DATA RECORDS:
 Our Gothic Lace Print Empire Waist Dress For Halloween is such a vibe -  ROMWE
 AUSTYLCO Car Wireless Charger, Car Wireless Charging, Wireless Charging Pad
...
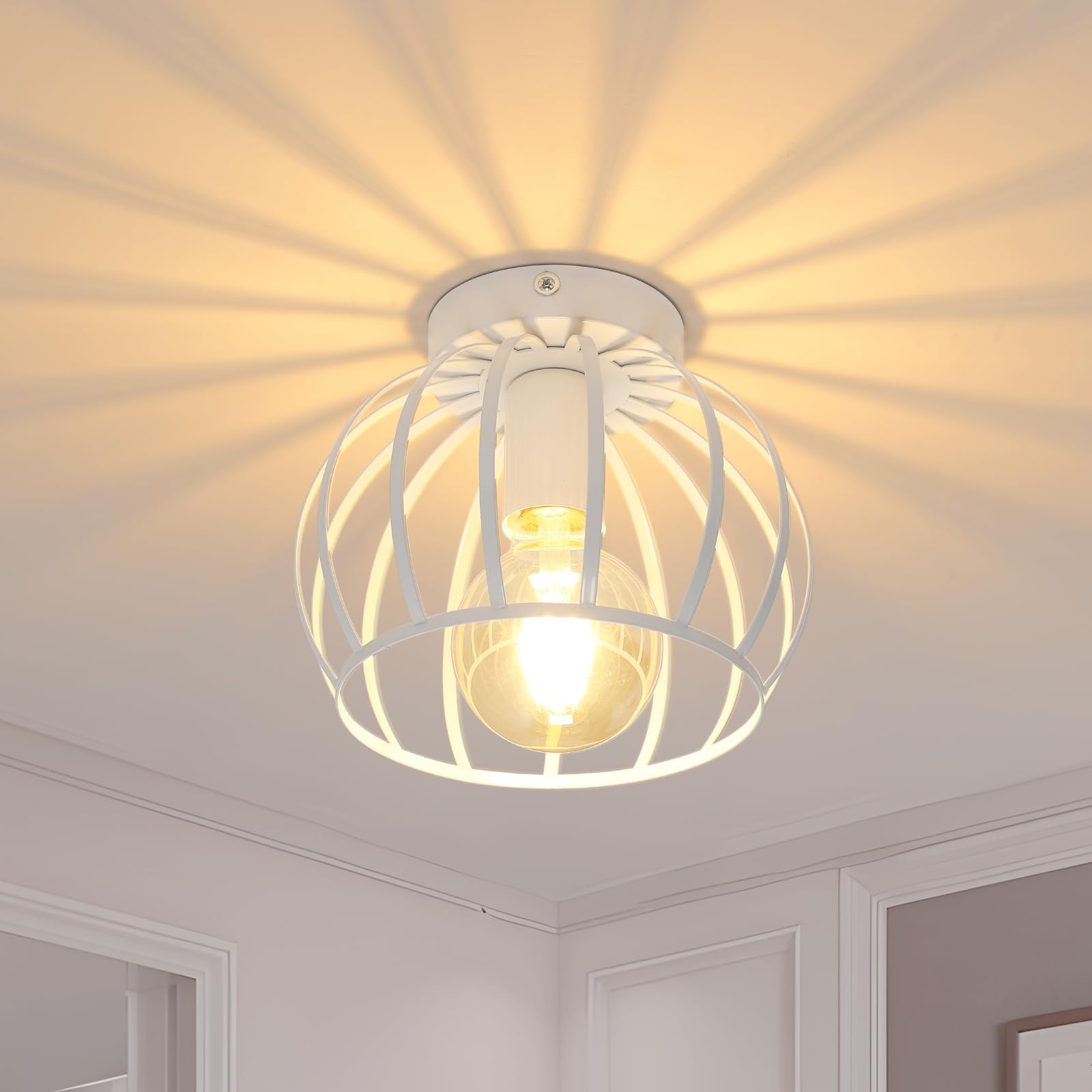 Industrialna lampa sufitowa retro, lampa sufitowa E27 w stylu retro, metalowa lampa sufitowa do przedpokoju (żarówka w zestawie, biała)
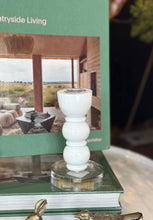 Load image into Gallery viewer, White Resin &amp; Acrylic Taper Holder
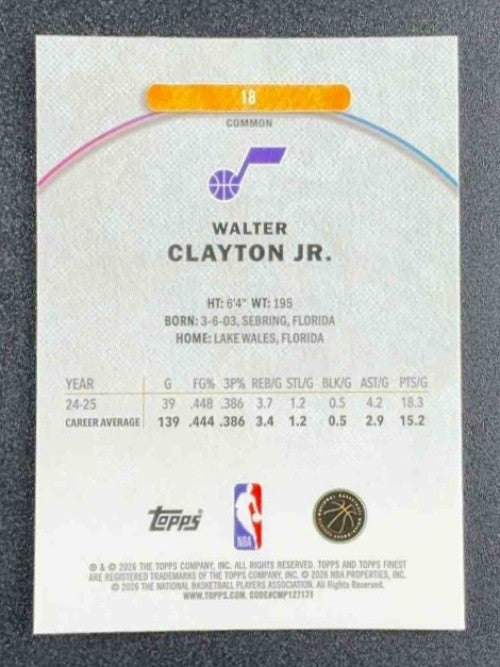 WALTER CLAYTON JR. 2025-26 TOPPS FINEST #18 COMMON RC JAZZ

PROMPT:
Keep to the stretch from the line containing "Load image into" through the line containing "WALTER CLAYTON JR.", both ends included, and copy it exactly from the listing above, minus the pictures.

ANSWER TO THIS PROBLEM:
 Load image into Gallery viewer, White Resin &amp; Acrylic Taper Holder
 WALTER CLAYTON JR. 2025-26 TOPPS FINEST #18 COMMON RC JAZZ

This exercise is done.